LE ROYAL HÔTEL, BRUGES
6TH—XI—1931
Sixsmith,
Divorces. V. messy affairs but Ayrs’s and mine was over in a single day. Just yesterday morning we were at work on the second movement of his ambitious swan song. He announced a new approach for our Compositional. “Frobisher, today I’d like you to come up with some themes for my Severo movement. Something eve-of-war-ish in E minor. Once you’ve got something that catches my eye, I’ll take it over and develop its potential. Got that?”
Got that I had. Like it I didn’t, not one bit. Scientific papers are coauthored, yes, and a composer might work with a virtuoso musician to explore the boundaries of the playable—like Elgar and W. H. Reed—but a coauthored symphonic work? V. dubious idea, and told V.A. so in no uncertain terms. He tsked. “I didn’t say ‘coauthored,’ boy. You gather the raw material, I refine it as I see fit.” This hardly reassured me. He chided me: “All the Greats have their apprentices do it. How else could a man like Bach churn out new masses every week?”
We were in the twentieth century when I last looked, I retorted. Audiences pay to hear the composer whose name is on the program notes.
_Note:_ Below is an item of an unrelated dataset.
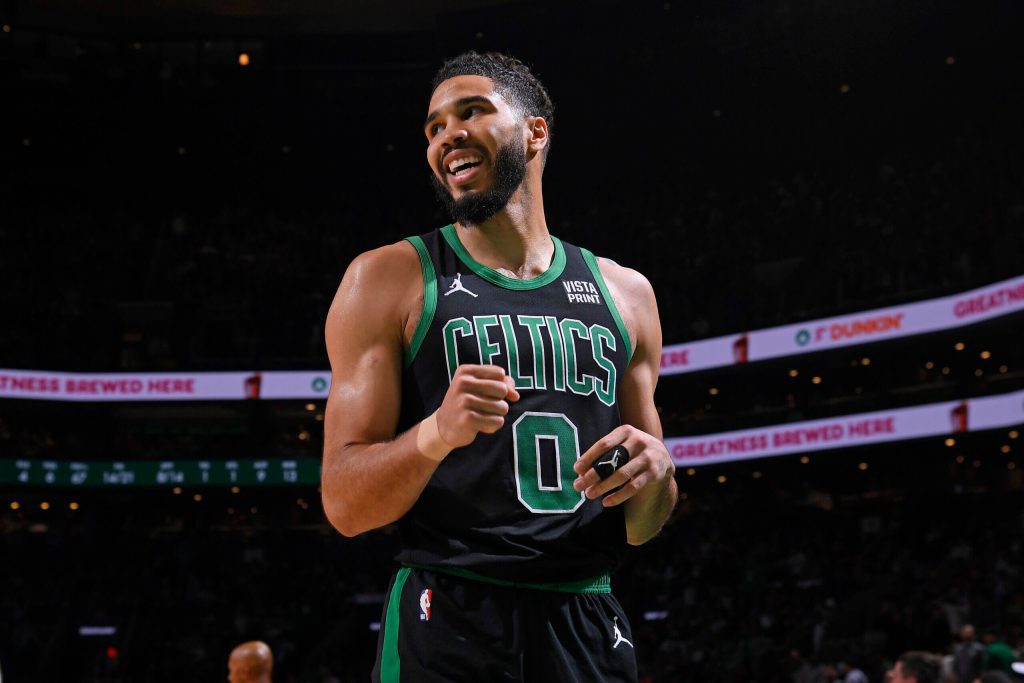 Conclusiones de los playoffs de la NBA el miércoles: los Celtics aplastan al Heat para avanzar, los Mavericks vencieron a los Clippers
They don’t pay money for Vyvyan Ayrs only to get Robert Frobisher. V.A. got agitated. “They won’t ‘get’ you! They’ll get me! You’re not listening, Frobisher. You do the block-and-tackle work, I orchestrate, I arrange, I polish.”
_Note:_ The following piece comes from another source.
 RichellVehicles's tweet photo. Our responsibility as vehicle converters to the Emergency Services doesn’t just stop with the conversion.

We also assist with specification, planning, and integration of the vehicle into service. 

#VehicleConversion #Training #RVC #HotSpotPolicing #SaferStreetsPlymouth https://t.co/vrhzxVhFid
“Block-and-tackle” work like my “Angel of Mons,” robbed at gunpoint for the Adagio in Ayrs’s glorious final monument? One may dress plagiarism up however one wishes, it’s still plagiarism. “Plagiarism?” Ayrs kept his voice low, but his knuckles on his cane were whitening. “In bygone days—when you were grateful for my tutelage—you called me one of the greatest living European composers. Which is to say, the world. Why would such an artist possibly need to ‘plagiarize’ anything from a copyist who, may I remind him, was unable to obtain even a bachelor’s degree for himself from a college for the terminally privileged? You’re not hungry enough, boy, that’s your problem. You’re Mendelssohn aping Mozart.”